Project for extracting content from pdfs/ images. It uses Optical Character Recognition for extracting information from PDFs. Its difficult to extract details from digital invoices or scanned copies for invoices using python libraries like PDFMiner. Libraries that I used for developing this solution were pdf2image (for converting PDF to images), OpenCV (for Image pre-processing) and finally PyTesseract for OCR along with Python.
This projects converts PDFs to page images using pdf2image (for converting PDF to images), later processing the Images using OpenCV and then finally using Tesseract OCR version >4 (using PyTesseract for OCR ) for retrieving details from the PDF images.
Make sure you have docker installed
- Clone the repo
- cd to repository folder
run below command to build image, based on Dockerfile pulled from repo
$ docker image build -t ocr_pdf_model .
once image is build, then run following command to run container
$ docker run -d --name ocr_pdf_model_con ocr_pdf_model
access the container using below comment
$ docker exec -it ocr_pdf_model_con bash
once in the container, execute below steps to activate python environment and run script
$ source ../ocrevn/bin/activate. ## activates the env ocrevn
NOTE : python script, retrieves pdf files from s3bucket. Script takes s3bucket, s3prefix as arguments, requires awscli, its part of build, you need to provide respective aws key and secret with IAM permissions to access the bucket, to process the pdfs in s3.

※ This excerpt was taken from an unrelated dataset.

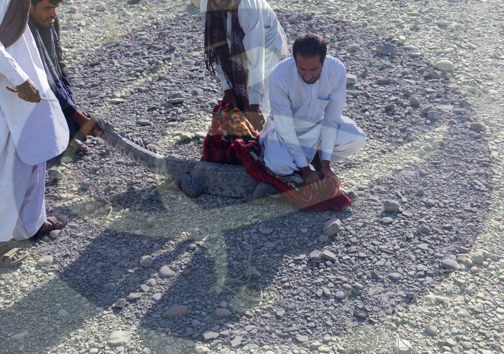 زنده گیری یک سر تمساح سرگردان در سرباز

command for configuring awscli credentials, then provide AWS KEY & SECRET
$ aws configure
once awscli is configured properly, you can execute the script as below
$ python pdfDataextract.py --s3bucket 'S3 bucket name' --s3prefix 'S3 prefix'
The script process the pdfs to images, based on number on pages in pdf document. Does preprocessing, text detection and dumps data for each pdf into extracted_data folder, generating a .txt file for each pdf document. In production env, extracted content should be pushed into NoSQL db or Elastic search for retriveing easily using an API.